Marxistischer Spickzettel (POSITION #01/19)
DIE DNA, DIE GESELLSCHAFT UND WIR
DNA ist das Erbgut und Bestandteil jeder einzelnen unserer Zellen. Sie ist eine Art Bauplan aus vier Buchstaben, der im Wesentlichen für jeden Prozess und jede Funktion in allen Lebewesen und damit auch in unserem Körper verantwortlich ist. Die verschiedenen Abfolgen der vier Buchstaben bilden unsere Gene. Sind wir also nichts Anderes als das, was unser molekularer Bauplan uns vorgibt? Biologinnen und Biologen sprechen davon, dass Gene die sogenannte „Reaktionsnorm“festlegen. Das bedeutet, das Gene einen Rahmen bestimmen, innerhalb dessen ein Organismus Fähigkeiten entwickeln kann.Laktoseintoleranz ist ein einfaches Beispiel. Eine Mutation führte dazu, dass in Europa über 80% der Menschen Milchzucker verdauen können.Die anderen 20% haben –biologisch gesprochen–einen Nachteil, weil die Aufnahme von Laktose mit längeren Aufenthalten auf der Toilette einhergeht und auch zu Bauchschmerzen führt. Das ist aber weder ein Vor- noch ein Nachteil, wenn wir gesellschaftlich in der Lage sind, die Menschen mit Laktoseintoleranz kostenlos mit Tabletten zu versorgen, die den zum Laktoseabbau nötigen Stoff beinhalten.

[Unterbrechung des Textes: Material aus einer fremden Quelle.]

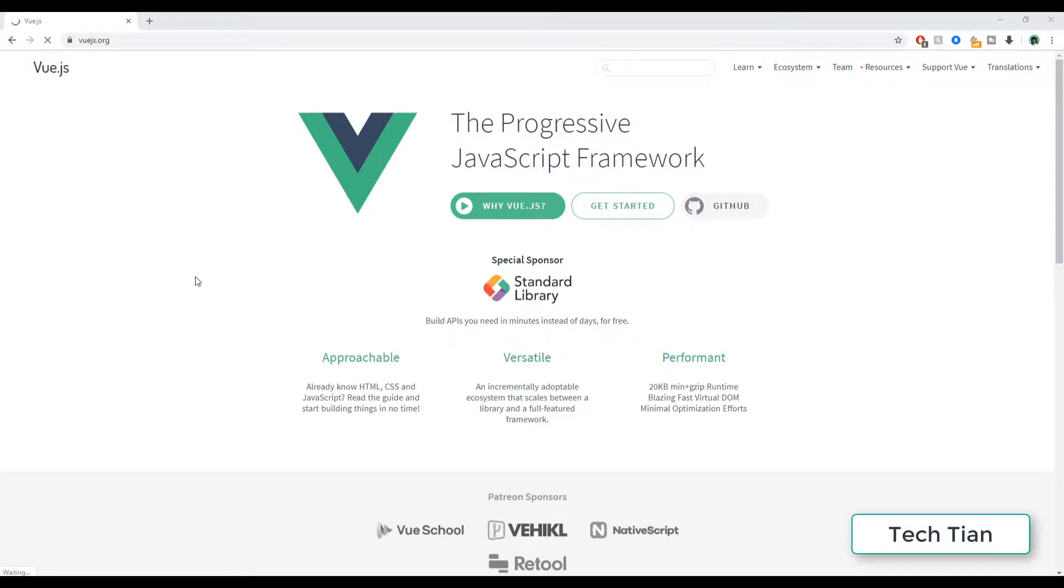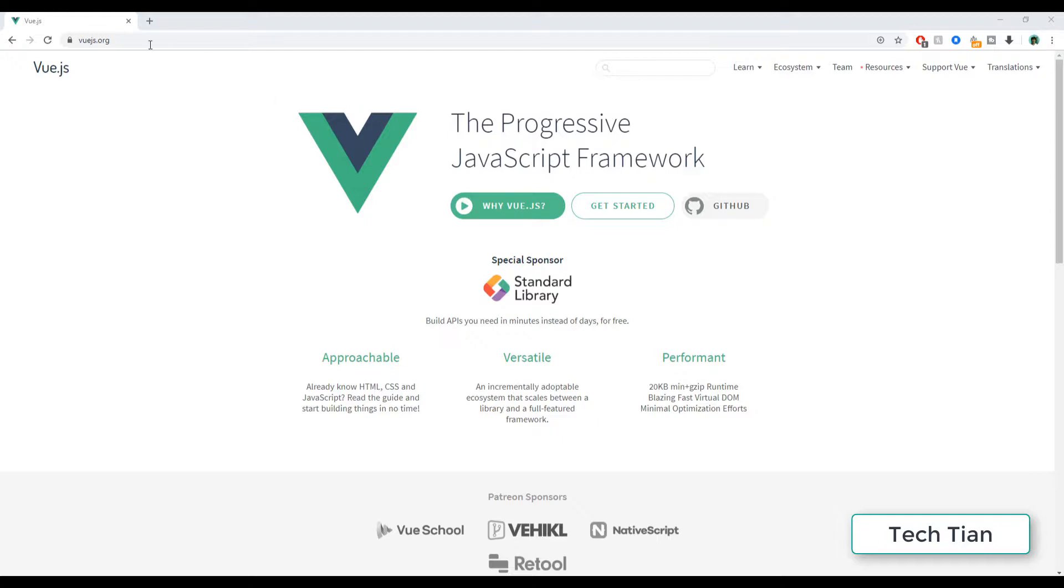Hey everyone, welcome to my channel. This is Tech Tian, and in this video series I will be covering... you know what I'll be covering because you are seeing it right. So this is the Progressive JavaScript Framework. This is their website, this is their ecosystem, this is their resources.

INTELLIGENZ- UND VERBRECHER-GEN?
Viele Merkmale werden auch von mehr als einem Gen beeinflusst. Beliebte Beispiele sind hier Hautfarbe und Intelligenz. Es gibt nicht das eine „Intelligenz-Gen“. Stattdessen gibt es eine Reihe von Genen, die die verschieden starke Ausprägung der biologischen Fähigkeit zu bestimmten Prozessen im Hirn beeinflussen. Die theoretische biologische Fähigkeit zu diesen Prozessen führt aber nicht zwangsläufig dazu, dass diese Menschen besonders intelligent sein müssen. Niemand wird wegen seiner/ihrer genetischen Veranlagung als SchachweltmeisterIn geboren.Dafür ist auch eine ganze Menge Lernen unter ausreichend guten Bedingungen notwendig. Jemand, der zwar mit den Genen für großes, intellektuelles Potenzial geboren wird, aber unter gesellschaftlichen Bedingungen aufwachsen muss, in denen er oder sie nie eine Schule besuchen kann, wird dieses Potenzial nicht entfalten können.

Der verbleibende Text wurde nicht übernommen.